### Task requirements
Copy out exactly the lines from the one containing "Building Photo - 1 Bedroom" through the end of the records, and no pictures.
Extracted information below:
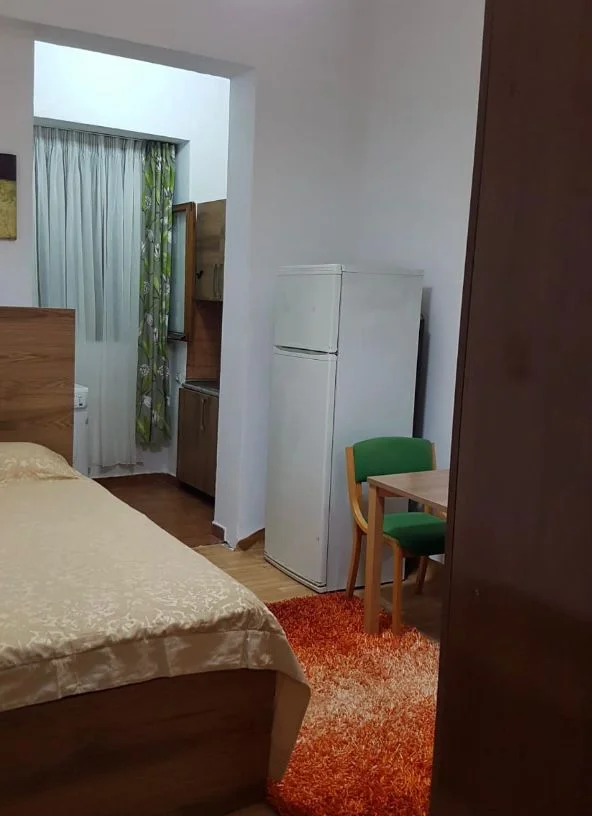 Tirane, jepet me qera garsonier Kati 2 ,320 € (Prane Klinikes Ortodokse)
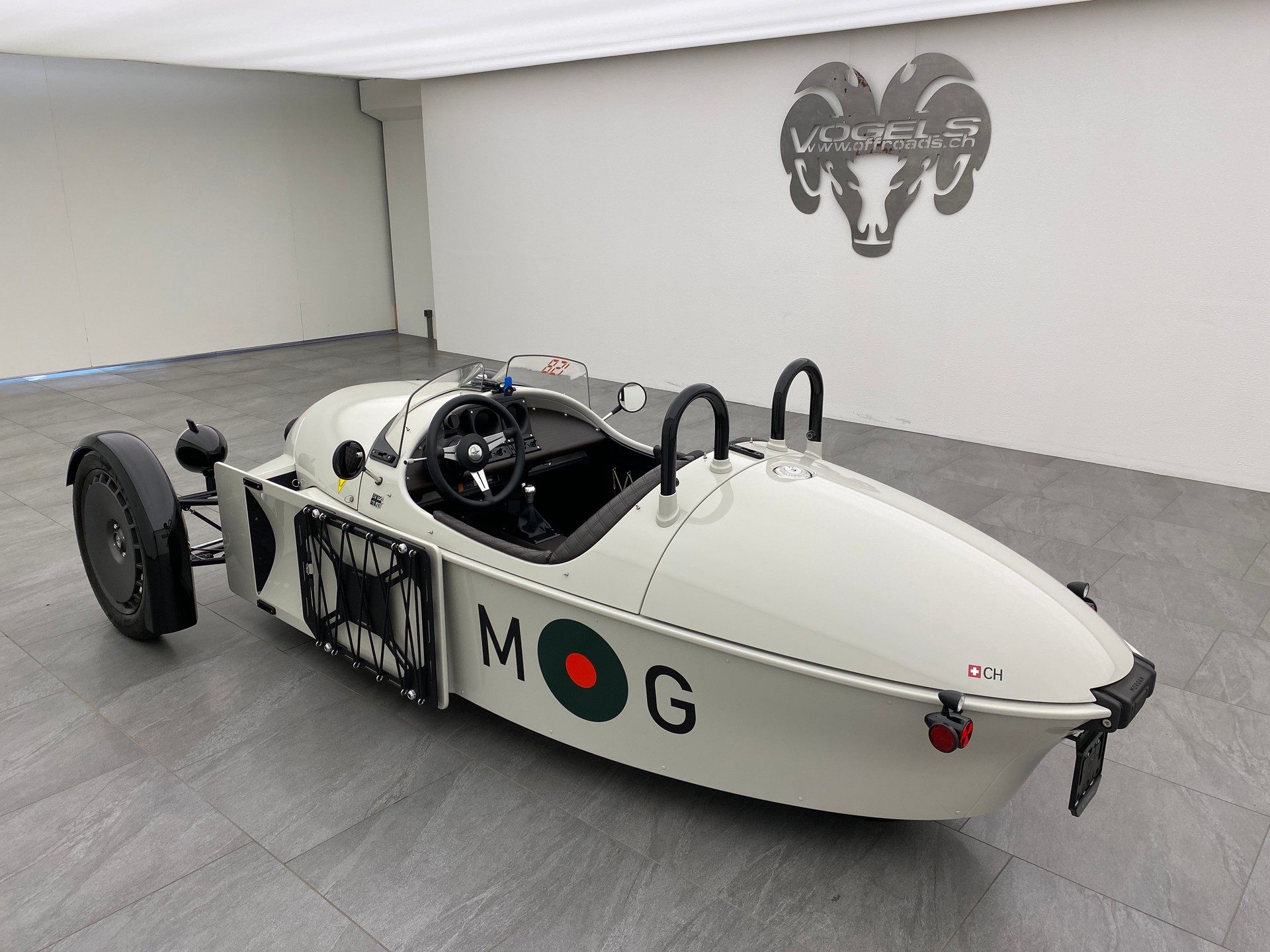 MORGAN Super 3-image-5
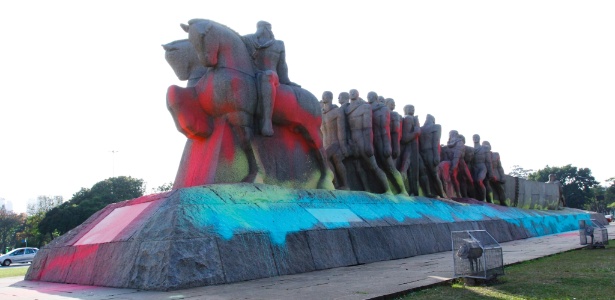Resultado de imagem para borba gato e monumento às bandeiras pichadas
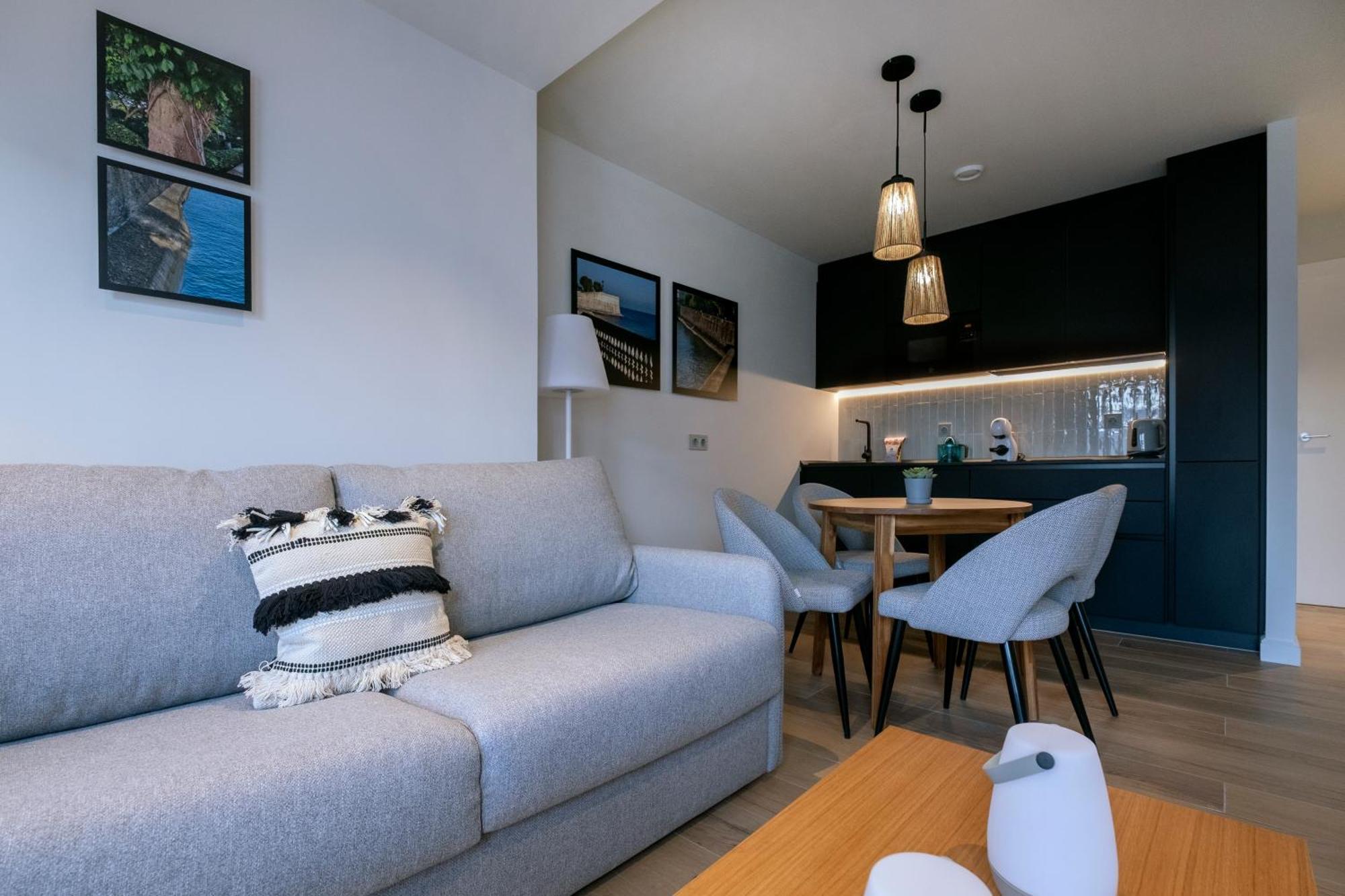 Villar Suites By Cadiz4Rentals Ruang foto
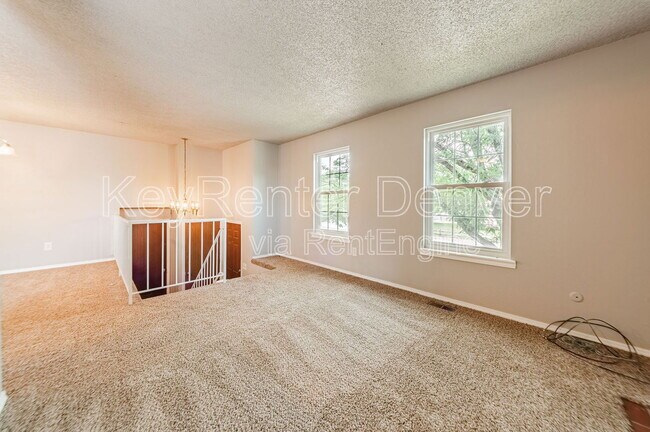 Building Photo - 1498 S Bahama St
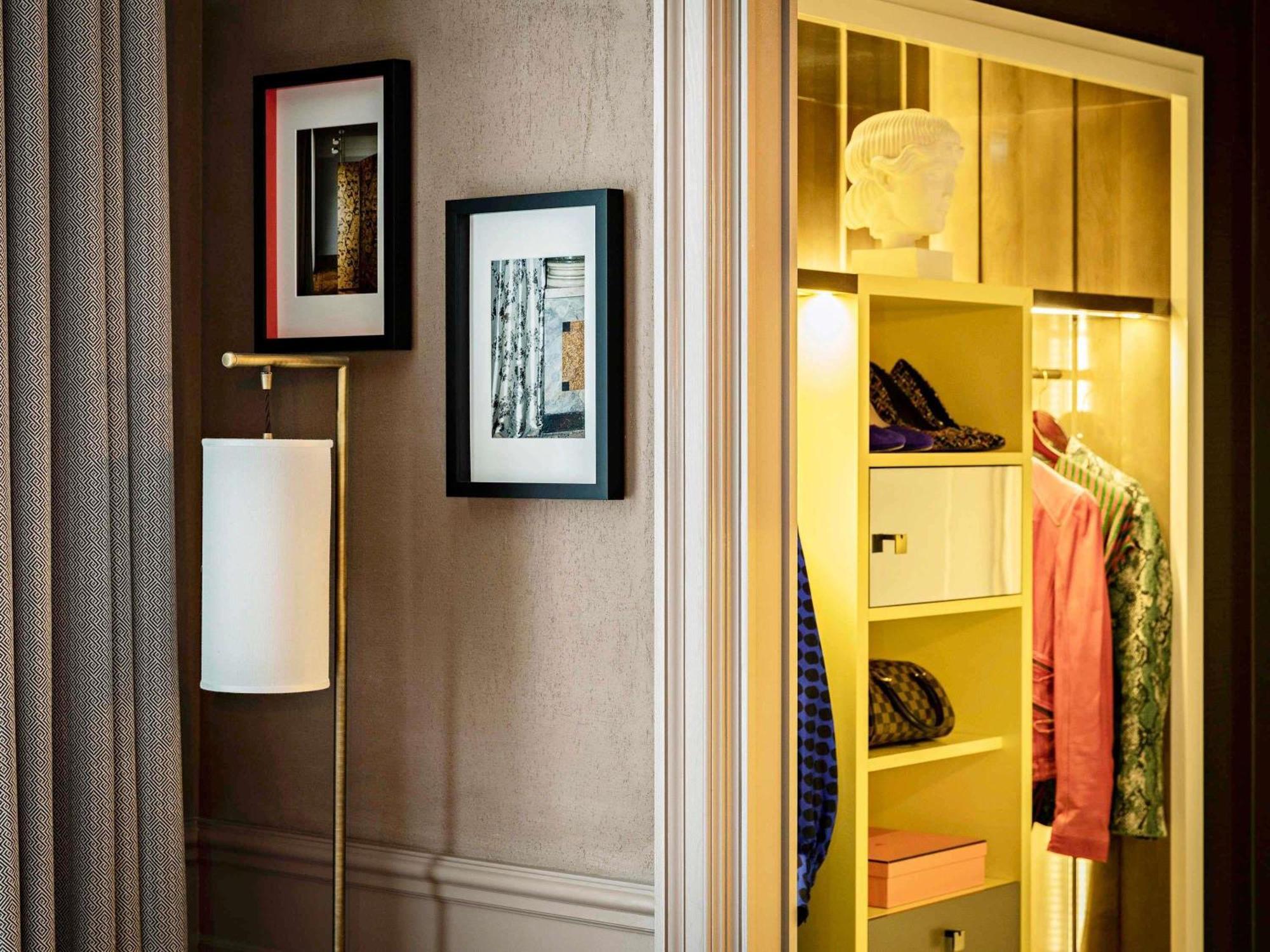 Premium Luxury Single Room Two Single Beds Courtyard or Rue Scribe View,1771700045:JPEG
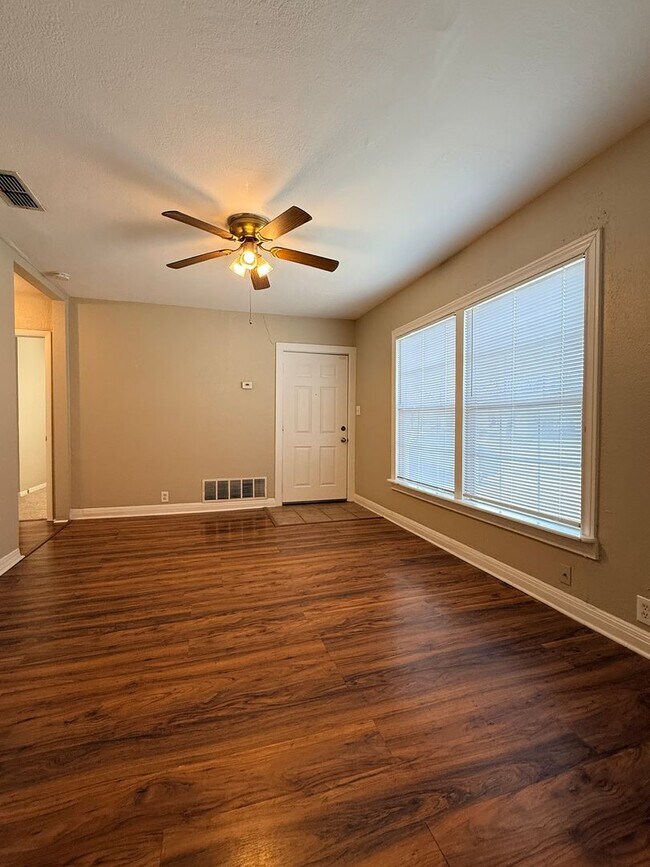 Building Photo - 1 Bedroom 1 Bath - Office Space - Large Yard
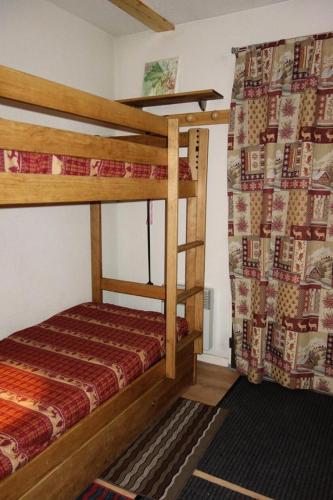 - une chambre avec 2 lits superposés et un rideau dans l'établissement Résidence Ecrin D 'huez - APPARTEMENT ALPE D'HUEZ DANS QUARTIER BERGERS MAE-2791, à Huez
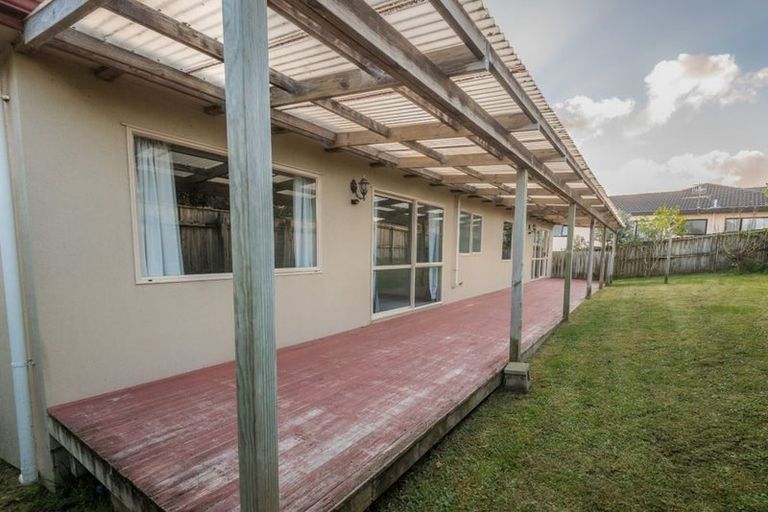 Photo of property in 42 Mandeville Place, Unsworth Heights, Auckland, 0632
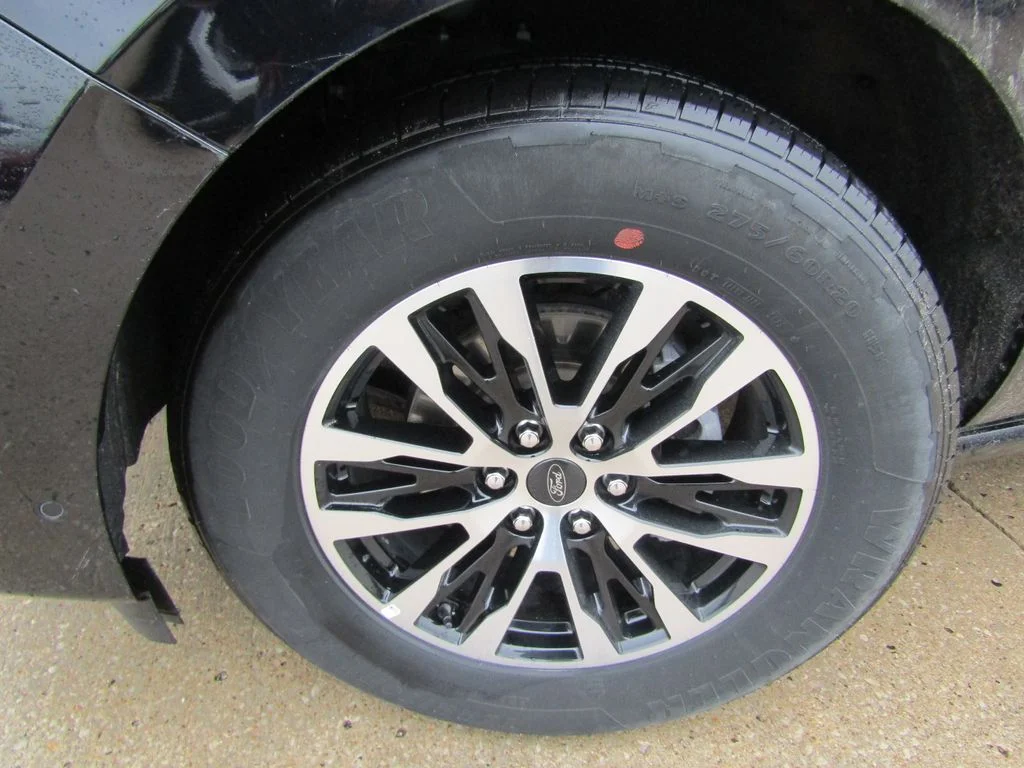 Used 2025 Black Ford Platinum image 31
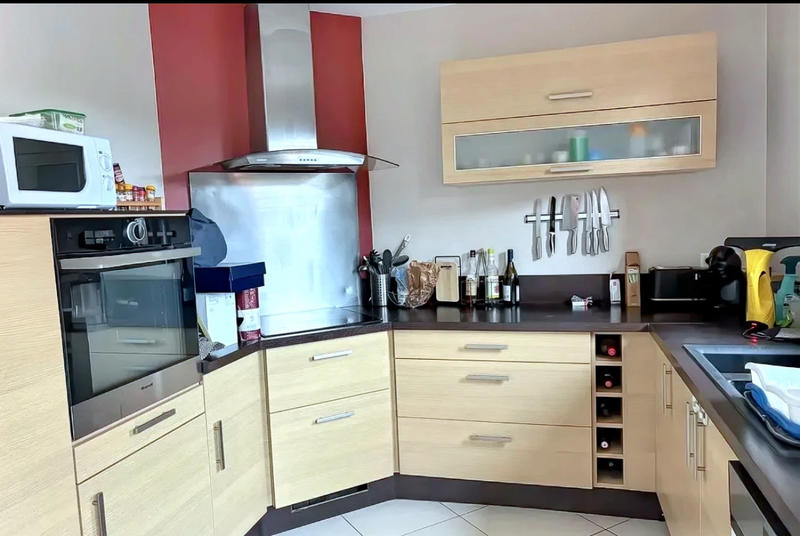 Maison - 140 m² - 6 pièces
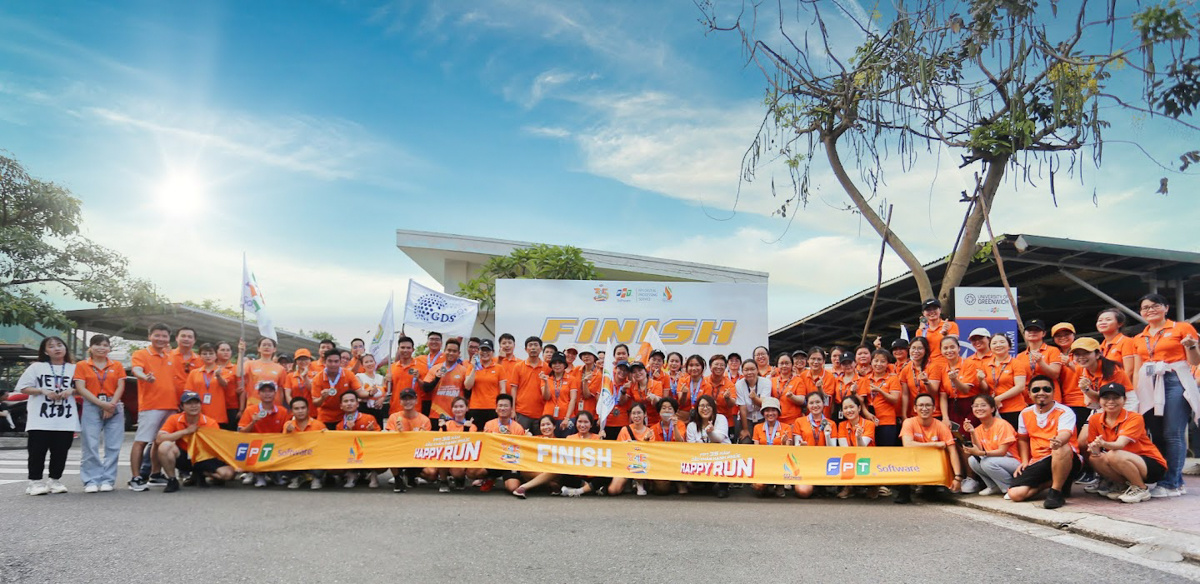 <p> Ngày 28/4, Phần mềm Đà Nẵng tiếp tục phát động giải chạy mang tên "Let Run", dự kiến thu hút hàng nghìn CBNV tham dự với cung đường ngay tại Khu đô thị công nghệ FPT City.</p>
End of Extracted information.
### Output of the task
 Building Photo - 1 Bedroom 1 Bath - Office Space - Large Yard
 - une chambre avec 2 lits superposés et un rideau dans l'établissement Résidence Ecrin D 'huez - APPARTEMENT ALPE D'HUEZ DANS QUARTIER BERGERS MAE-2791, à Huez
 Photo of property in 42 Mandeville Place, Unsworth Heights, Auckland, 0632
 Used 2025 Black Ford Platinum image 31
 Maison - 140 m² - 6 pièces
 <p> Ngày 28/4, Phần mềm Đà Nẵng tiếp tục phát động giải chạy mang tên "Let Run", dự kiến thu hút hàng nghìn CBNV tham dự với cung đường ngay tại Khu đô thị công nghệ FPT City.</p>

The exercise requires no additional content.